Pada bulan Maret, para peneliti di Universitas Los Andes di Kolombia mengatakan kepada AFP bahwa gletser telah menyusut dari 450 hektar menjadi hanya dua hektar.
Meskipun tidak ada standar global mengenai ukuran minimum suatu kumpulan es yang harus memenuhi syarat sebagai gletser, Survei Geologi AS mengatakan pedoman yang diterima secara umum adalah sekitar 10 hektar.
Sebuah penelitian, yang diterbitkan pada tahun 2020, menunjukkan bahwa gletser tersebut menyusut hingga kurang dari angka ini antara tahun 2015 dan 2016, meskipun gletser tersebut masih dianggap sebagai gletser terakhir di Venezuela oleh NASA pada tahun 2018.
Profesor Mark Maslin, seorang profesor ilmu sistem bumi di University College London, mengatakan lapangan es di Humboldt luasnya kira-kira setara dengan luas dua lapangan sepak bola, sehingga tidak dapat dikategorikan sebagai gletser.
“Gletser adalah es yang memenuhi lembah. Itulah definisinya, dan oleh karena itu menurut saya Venezuela tidak memiliki gletser apa pun,” kata Mark Maslin, seperti dikutip BBC.
Pada Desember 2024, pemerintah Venezuela mengumumkan proyek untuk menutupi sisa es dengan selimut termal yang diharapkan dapat membendung atau membalikkan proses pencairan es.
Namun langkah tersebut menuai kritik dari para ilmuwan iklim lokal, yang memperingatkan bahwa penutup tersebut dapat mencemari habitat sekitarnya dengan partikel plastik.
Selanjutnya Indonesia
Maximiliano Herrera, seorang peneliti cuaca ekstrem, menulis di X/Twitter bahwa negara berikutnya yang kemungkinan besar akan kehilangan gletser adalah Indonesia, Meksiko, dan Slovenia.

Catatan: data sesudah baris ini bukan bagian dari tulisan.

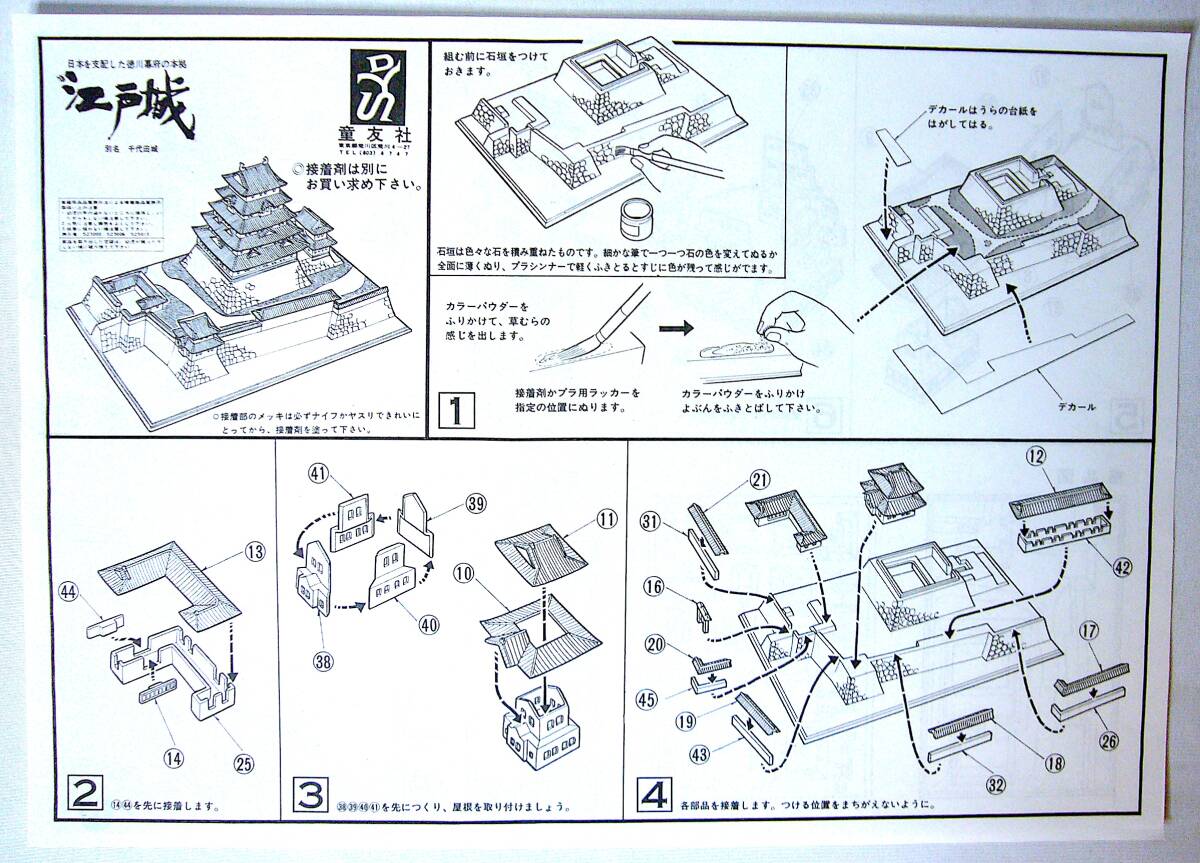 童友社 1/700 江戸城 & フジミ 1/? 大浦天主堂 プラモデル 2個まとめ売り 未使用 未組立_画像4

Prof Maslin mengatakan hilangnya gletser dari negara-negara tersebut masuk akal karena letaknya yang relatif dekat dengan garis khatulistiwa dan dataran rendah. Hal ini membuat membuat lapisan es di negara tersebut lebih rentan terhadap pemanasan global.
Penulis beberapa buku tentang perubahan iklim mengatakan gletser-gletser kecil ini, seperti yang baru-baru ini hilang di Venezuela, tidak mengandung cukup es untuk menaikkan permukaan air laut secara signifikan ketika mencair.
Meski demikian di beberapa wilayah, gletser memainkan peran penting dalam menyediakan air bersih bagi masyarakat, terutama selama periode panas dan kering.
Dr Kirkham dan Dr Jackson menyampaikan proyeksi terbaru menunjukkan bahwa antara 20% dan 80% gletser secara global akan hilang pada tahun 2100, tergantung pada jalur emisi yang diikuti.
“Sebagian dari kerugian ini sudah diketahui, di mana penurunan emisi CO2 secara cepat dapat menyelamatkan endapan glasial lainnya, yang akan memberikan manfaat besar bagi mata pencaharian, serta energi, air, dan ketahanan pangan,” ungkap Kirkham dan Jackson.